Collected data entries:
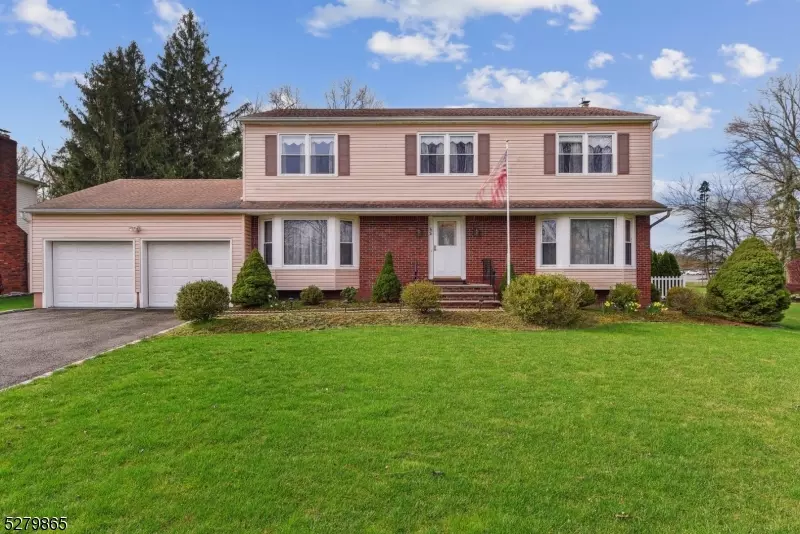 68 Tanglewood Dr, East Hanover Twp., NJ 07936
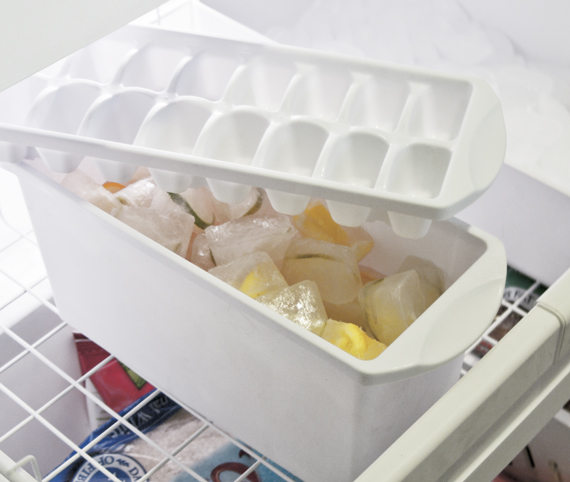 Sterilite-DisposalCubes-Step2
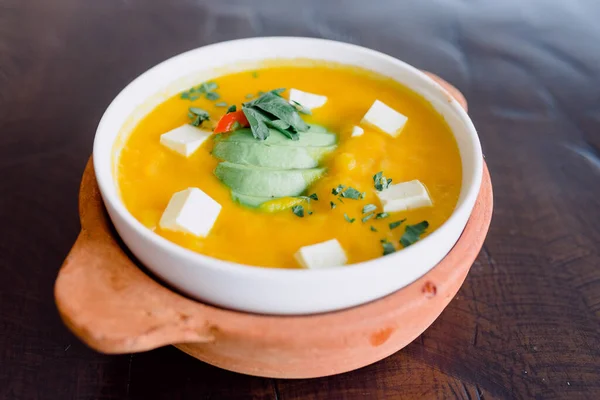 一碗美味 健康的汤与鳄梨隔离在一个黑色的背景 — 图库照片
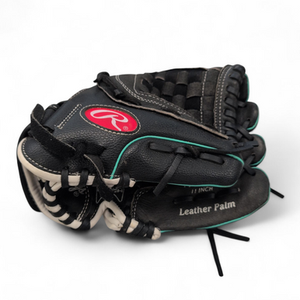 Used Rawlings FP110 RH Throw Fastpitch Gloves Black 11" 11863-S000024340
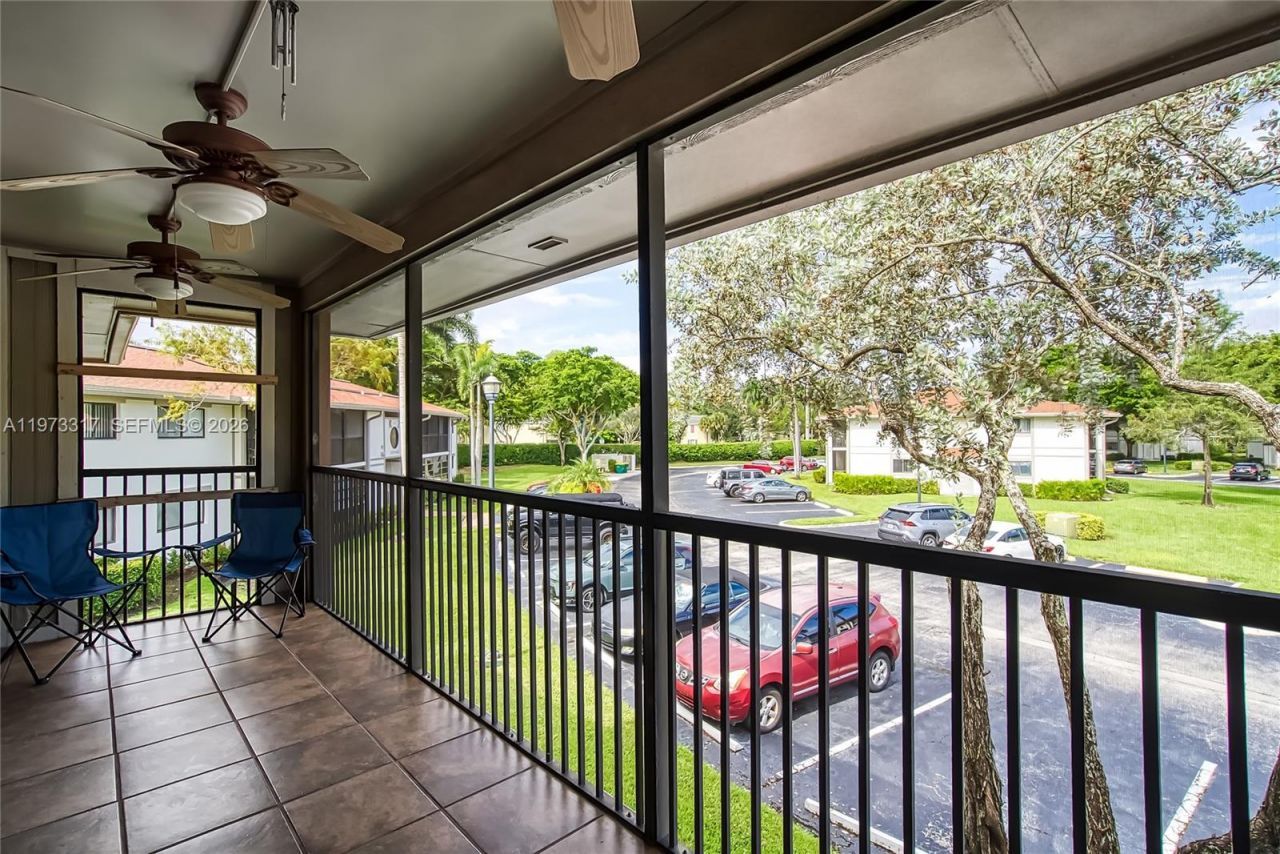 10715 W Clairmont Cir, Unit 212, Tamarac, FL 33321 Photo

## REQUIRED ACTION
Return the records above verbatim, images excluded.

## PROBLEM SOLUTION
 68 Tanglewood Dr, East Hanover Twp., NJ 07936
 Sterilite-DisposalCubes-Step2
 一碗美味 健康的汤与鳄梨隔离在一个黑色的背景 — 图库照片
 Used Rawlings FP110 RH Throw Fastpitch Gloves Black 11" 11863-S000024340
 10715 W Clairmont Cir, Unit 212, Tamarac, FL 33321 Photo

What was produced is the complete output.